Stairway to Heaven

Intent This pattern describes the network of inheritance relationships that is needed when a given hierarchy must be adapted, in its entirety, to another class.

Motivation If a class hierarchy is to be reusable, it cannot depend upon detailed implementations. For example, one might have a class hierarchy of payroll objects such as: Employee, SalariedEmployee, HourlyEmployee, etc. If these classes focus only upon the algorithms necessary to implement their particular abstractions, then they are highly reusable. However, if they were to incorporate the methods for reading and writing such objects on a particular database engine, then they would not be reusable in applications that did not have access to, or need that particular engine. Thus, we would like to keep any knowledge of database engines out of these objects.

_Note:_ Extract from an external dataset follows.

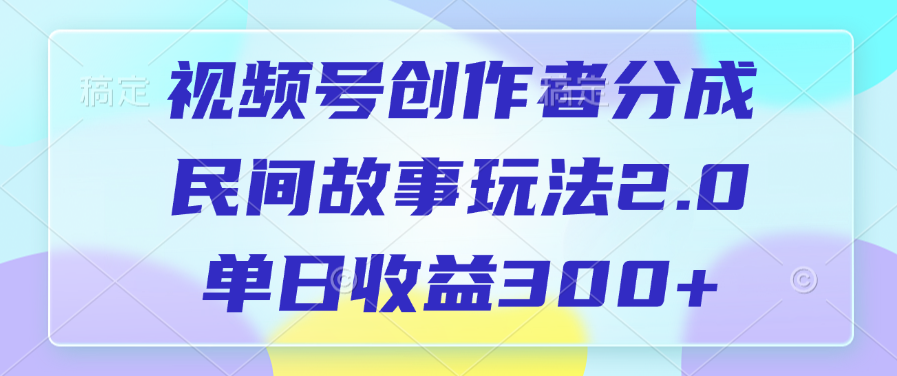 视频号创作者分成,民间故事玩法2.0,单日收益300+六月网创-网创项目资源站-副业项目-创业项目-搞钱项目六月网创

Solution To do this, a new set of classes needs to be created that inherits the ability to read and write themselves using the particular database engine required by the application, and the methods that model the payroll abstraction. This keeps the payroll objects separate and, reusable.

Notes The structure diagram shows the use of virtual inheritance within the structure of this pattern. This is a C++-ism, but has correspondents in other languages. The use of virtual inheritance is necessary in this pattern to prevent the repeated inheritance of the base classes. The desire is that there be only one copy of all the base objects in any of the derived objects.

Applicability This pattern is best used to insure the isolation of concepts so that reusable class hierarchies do not become polluted with concepts that are application specific.